▶ _Problem to solve_
From the material below, please set down exactly the lines starting with the one with "ribbed turtleneck knit" and going on through the one with "黄豆炖海带的做法图解5", without a single picture.

▶ _Exercise materials_
==================================================

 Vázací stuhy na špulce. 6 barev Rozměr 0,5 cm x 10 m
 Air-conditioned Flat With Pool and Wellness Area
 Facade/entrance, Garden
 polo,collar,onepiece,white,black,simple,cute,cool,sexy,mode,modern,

==================================================

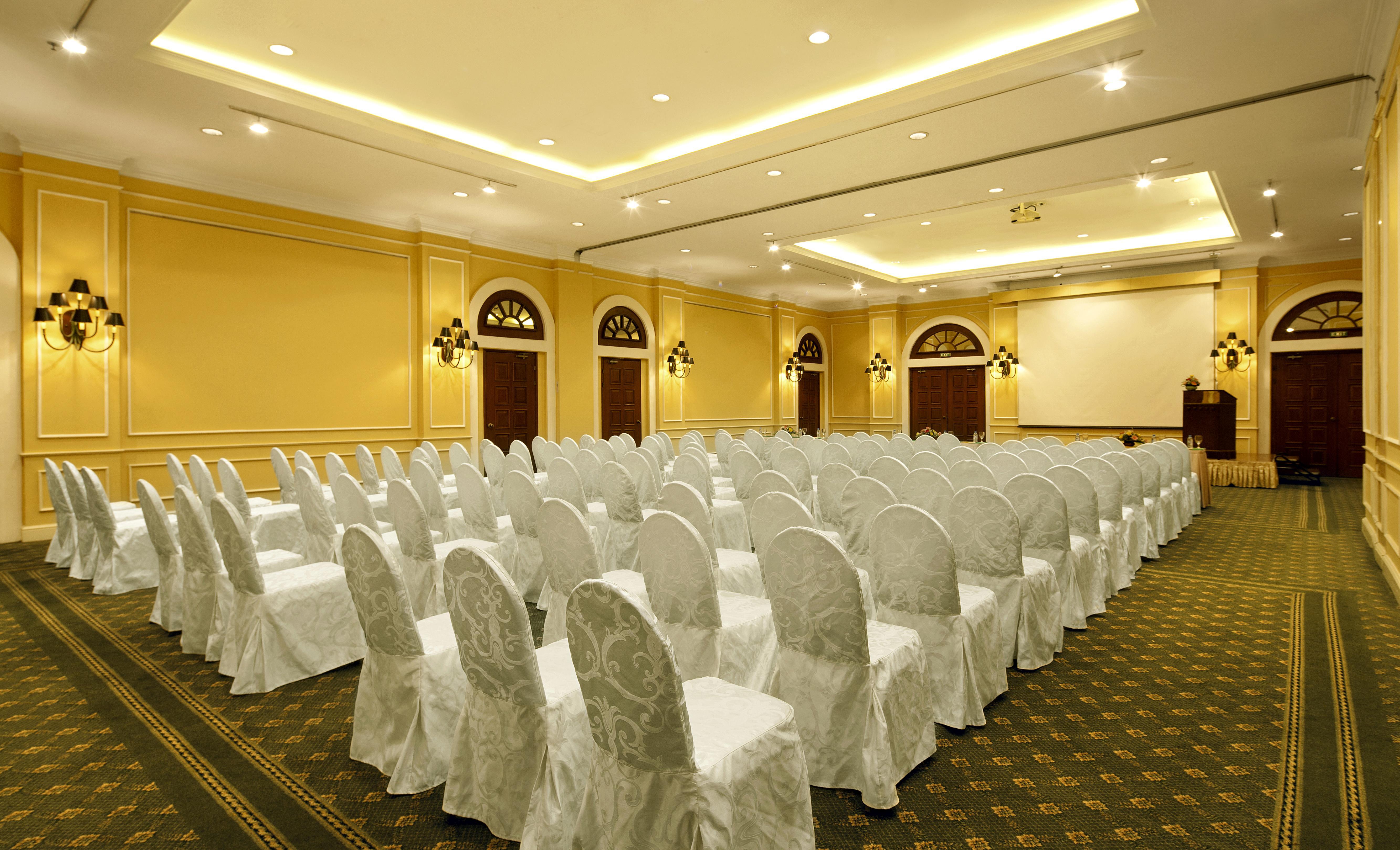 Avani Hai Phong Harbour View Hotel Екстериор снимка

==================================================

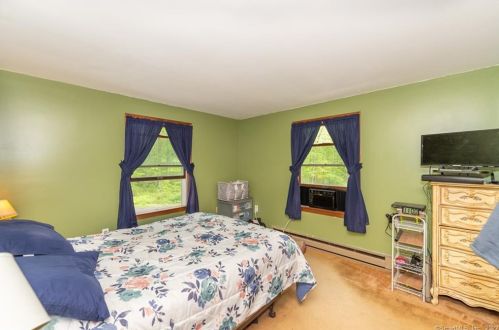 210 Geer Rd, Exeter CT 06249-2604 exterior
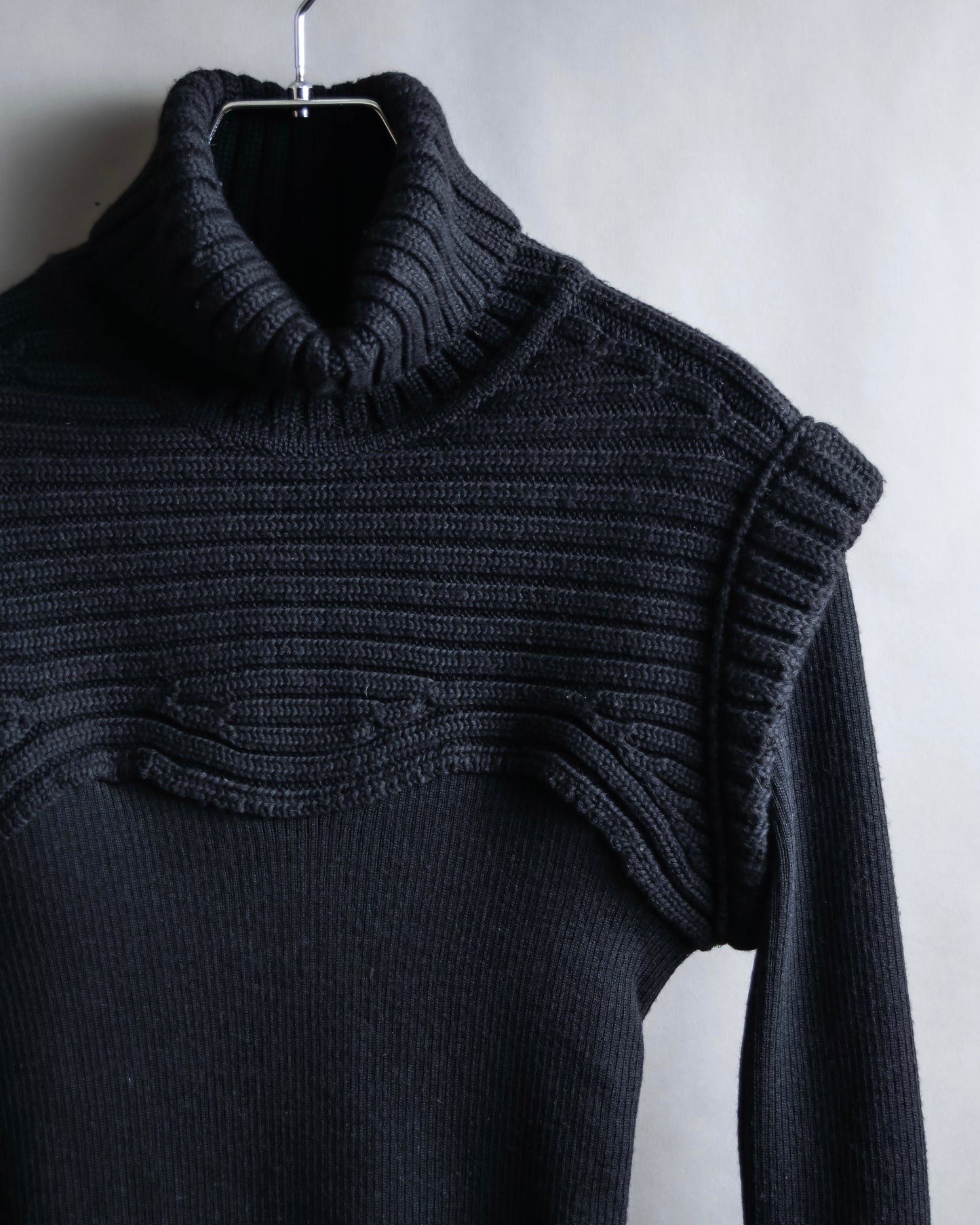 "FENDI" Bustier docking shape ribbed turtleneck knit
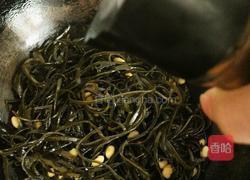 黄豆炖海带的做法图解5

==================================================

▶ _Solution below_
 "FENDI" Bustier docking shape ribbed turtleneck knit
 黄豆炖海带的做法图解5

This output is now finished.